WHAT TO WORK ON: Your task is to transcribe all of the data below exactly, omitting the images.

DATA SEGMENT:
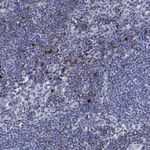 ADAP Antibody in Immunohistochemistry (Paraffin) (IHC (P))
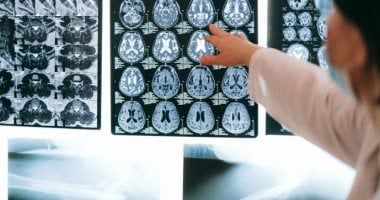 تكنولوجيا: أداة ذكاء اصطناعى تكتشف 9 أنواع من الخرف من فحص واحد بدقة 88%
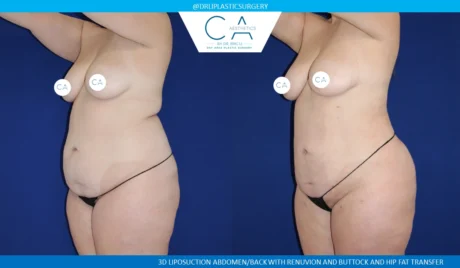 360 Liposuction (Torso) case #5369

RESPONSE BELOW:
 ADAP Antibody in Immunohistochemistry (Paraffin) (IHC (P))
 تكنولوجيا: أداة ذكاء اصطناعى تكتشف 9 أنواع من الخرف من فحص واحد بدقة 88%
 360 Liposuction (Torso) case #5369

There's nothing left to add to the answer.